Но бабка зыркнула недобрым взглядом:
– Нэ е рипы. [32] Тай не буде…
Значит, этот вопрос накрылся медным тазом. А насчет магазина – безнадежно махнула рукой. Там раз в неделю привозят хлеб, но хватает не всем, чья хата ближе, те успевают. Соль есть, спички, а сахар в прошлом году давали – ото радость была! Молодые в город ездят за товаром, а старым – одна дорога: до Бога…
В селе три дома под железом: у председателя, бухгалтера и шофера газика. Остальные крыты потемнелым от годов гонтом, [33] на них местами проросли пучки травы. Должно быть, эти хаты муровали еще при австрийцах.
32
Картошки.
33
Дранкой.
Заболочье – село богатое только на глину. Здесь блюдца коричневой воды лежат на полях до середины лета, потом оставляют после себя ржавую корку. Кругом репей с розовыми головками. И прочая дикая зелень из земли прет.
Нас прислали в эту глухомань возить дренажные трубки. Говорят, после дренажа, может, хоть картошка будет у людей. Но пока ее нет, мы решили заглянуть в магазин: авось звякнет удача. И выяснилось, наша хозяйка вообще в магазин не ходит. Или из ума выжила: врет, не поперхнется. Нет, соль и спички – есть в наличии. И хлеба действительно не видно, правду сказала хозяйка. Зато глазам своим не верим: на полках сплошь выстроились цветные ряды консервов. Целый склад. Такой роскоши и в областном центре не встретишь.
Однако радость не выказываем: скучая, разглядываем всякие ненужности. Вася оцинкованным ведром занялся, стучит по дну. Петро у продавца свечами интересуется.

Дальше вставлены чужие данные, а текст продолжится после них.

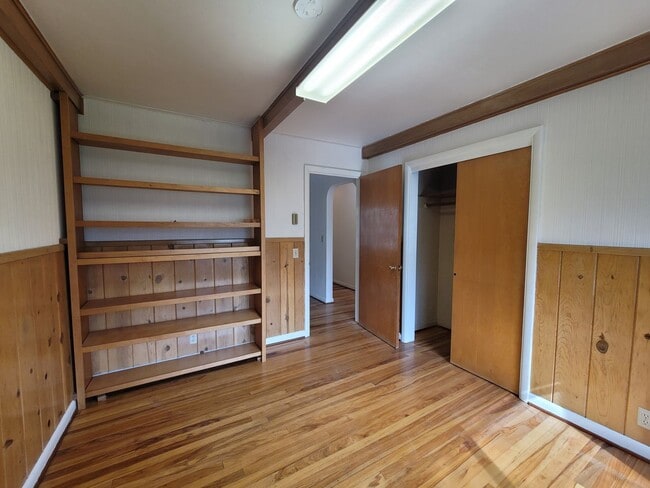 Building Photo - Charming 3 bed 2 bath with bonus room.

– Вам какие: тонкие или грубые?
– Мне для мотора.
– Извиняйте, для мотора не держим.
Миха, так звали продавца, был в ширину больше, чем ростом. Лицо полновесное, на плечах сидит без шеи. И потеет не по-божески.
Сашка разъяснил ему: мол, прибыли на три недели, волноваться не надо, отовариваться будем тут. А пока, для начала, будь ласка, дай нам: сайру, тунца, сардины и вон те бычки в томате. По четыре коробки каждого сорта. Нас четверо.
– Чего хотите? – переспросил Миха.
– Федя, скажи ему громче, чтоб он понял.
Я постарался – выдал голос. Миха от неожиданности в коленках ослаб, стал еще короче. Лоб промокает полотенцем. Но коробки на прилавок выставил как миленький.
Мы, конечно, бумажками шелестим, не мелочимся. А Миха, парень-жох, учуял, с кем имеет дело, сразу намекнул, что оставит нам хлеба сколько надо.
По дороге домой Вася предостерег: кормиться будем на своей половине, хозяйку не приглашаем. Она, видать, субботница или из другой секты. Для них эти деликатесы – греховны, потому и не сказала она про консервы.